In addition, advanced reactor designs may rely on passive and inherent safety features to perform active safety functions. The applicant will need to incorporate IST activities for passive components that perform active safety functions (such as electromagnetic pumps and heat pipes) by expanding the current scope of the IST program. The reviewer should ensure that the applicant has described the IST activities applicable to such components and that those IST activities are capable of assessing (through direct measurement and/or analysis) the performance of the passive components.
The scope of the risk-informed IST program needs to be based on a plant-specific PRA. Based on component function and importance to safety, the reviewer should evaluate how risk information is used to guide (a) the selection of components for IST activities, (b) the specific IST activity to be performed for each component, (c) the IST frequency for each component, and (d) how the selection process varies from IST interval to IST interval to cover all the components of interest. In addition, the application needs to describe how component reliability targets and assumptions on component performance are derived from the PRA. Although applicable to water-cooled reactors, the ASME OM Code as incorporated by reference in 10 CFR 50.55a might provide helpful information on component testing for other fluid media. Note:
ASME is developing OM-2 that might include passive components with active safety functions for non-LWRs.
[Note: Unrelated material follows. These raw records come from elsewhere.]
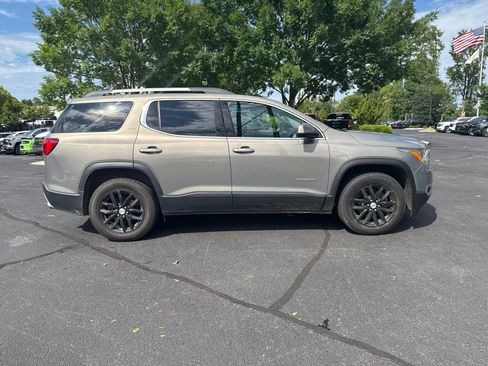 Used 2019 GMC Acadia SLT FWD image 4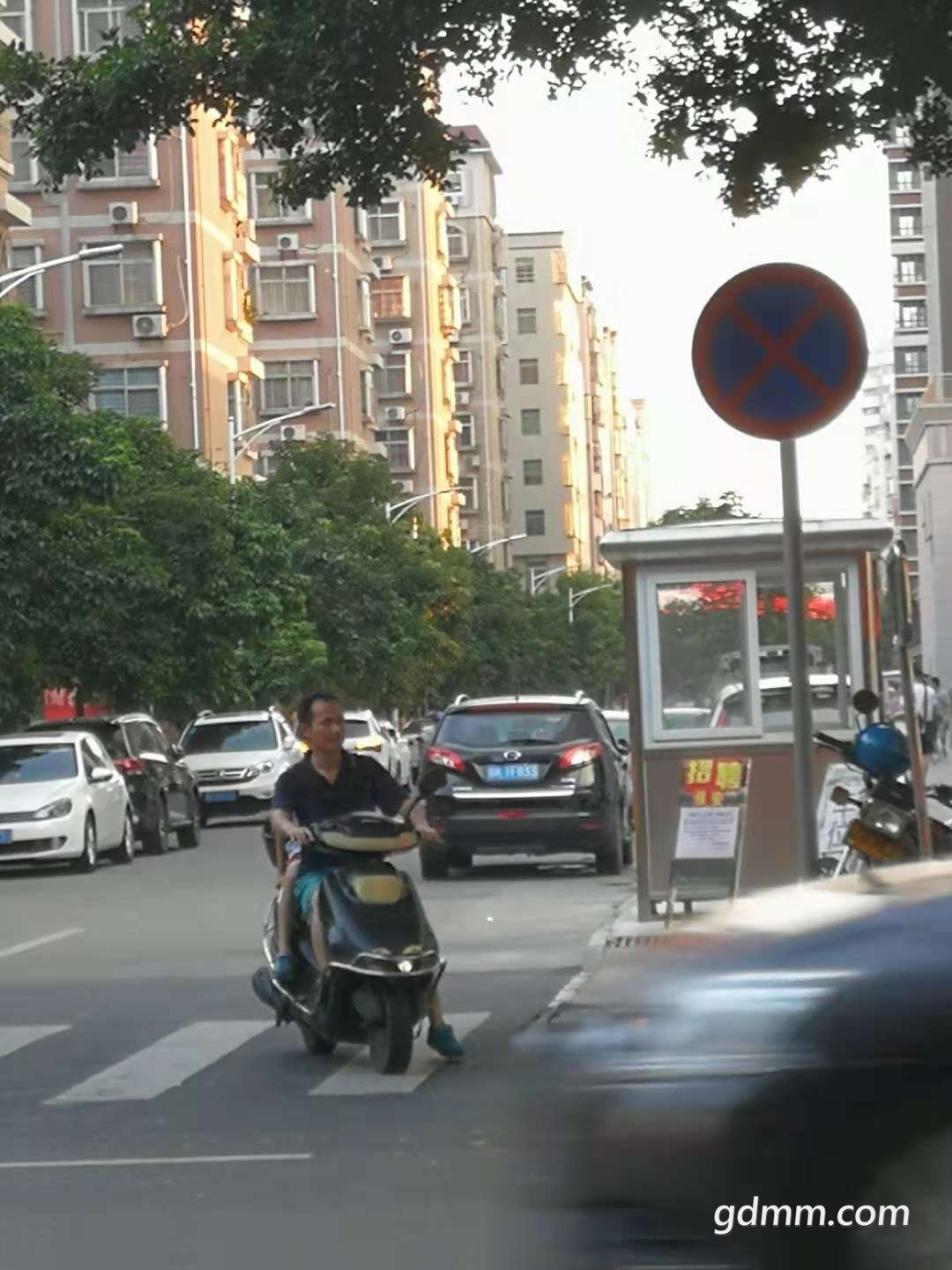 ž·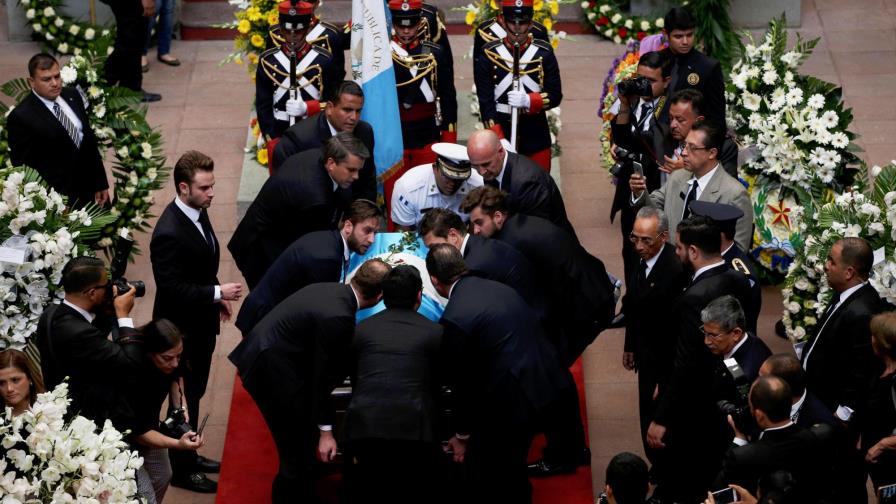 Arzú sale de escena entre honras y el recuerdo entrañable de su gente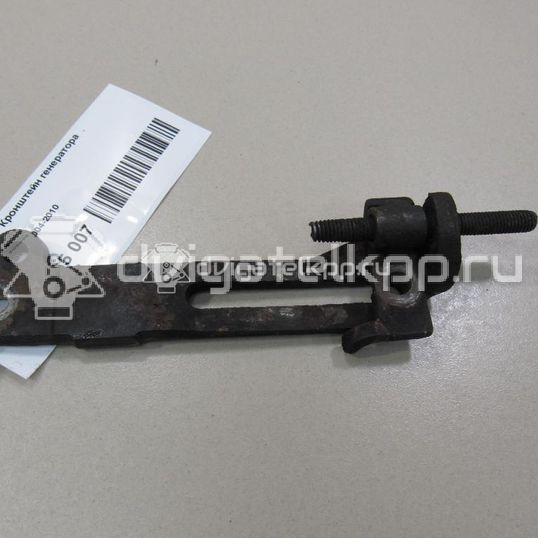 Фото Кронштейн генератора для двигателя M16A для Maruti Suzuki / Suzuki / Fiat 106-120 л.с 16V 1.6 л бензин 1156064J00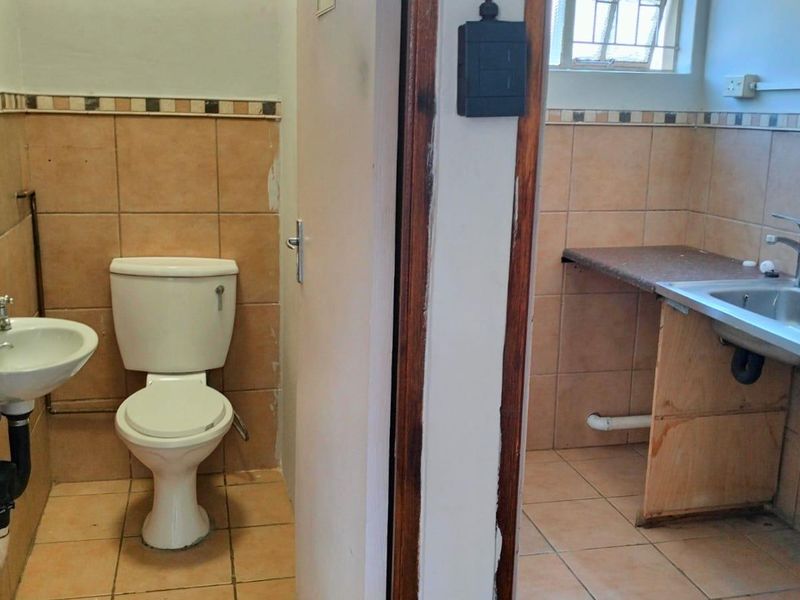 Prime Office to buy in 87 Kellnerstreet, Westdene - Photo 7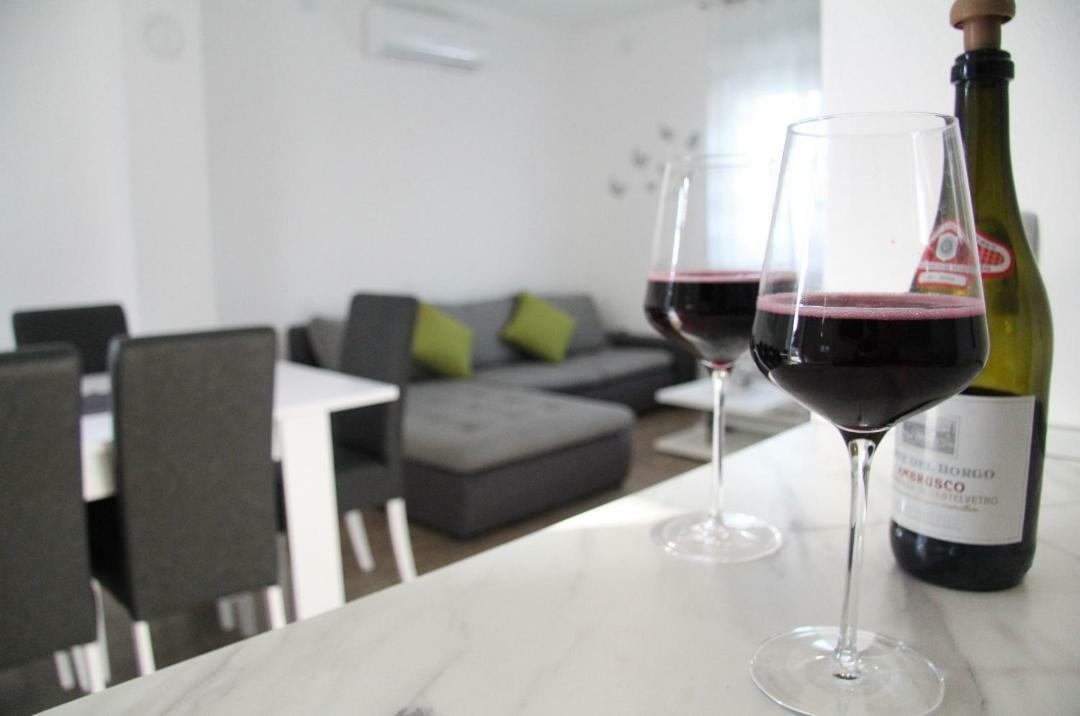 Apartman Ivana بيوغْغاد نا موغو المظهر الخارجي الصورة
The risk-informed IST program is intended to assess the operational readiness of components within the scope of the program. The risk-informed IST program may include various IST activities such as valve actuation (opening and closing times), relief valve actuation (opening and closing pressure), pump actuation (start time, flow rate, pressure, speed, differential pressure, discharge pressure, and vibration), check valve (opening and closing, and leakage) and dynamic restraint operation, as applicable to the advanced reactor design, as well as components that differ from those associated with LWRs. IST conditions should be as realistic as practical (e.g., pressure and temperature) so as to simulate actual operating conditions.
Practical IST techniques (e.g., bench testing of relief valves) should be defined where in place or at power IST activities are not feasible.
For an advanced reactor design with passive components that perform active safety functions, the risk-informed IST program needs to include IST activities capable of assessing the operational readiness of those components to perform their active safety functions. In general, passive safety features will either be in standby or in operation depending on the design. When in standby, the IST program should verify that the conditions (e.g., pressure, fluid level, and temperature) necessary to activate the feature and ensure it performs its safety function are present. When in operation, the IST program should verify that the performance (e.g., heat transfer and reactivity insertion) of the feature aligns with predicted performance. This may involve measuring inlet and outlet temperatures, flow rates, changes in power level or other appropriate parameters, and using analysis to determine overall performance. For passive valves (i.e., valves that maintain their obturator position and do not need to change their state to accomplish their safety function), the IST program should verify that seat leakage and position indication (remote and local) are consistent with the assumptions in the plant safety analysis.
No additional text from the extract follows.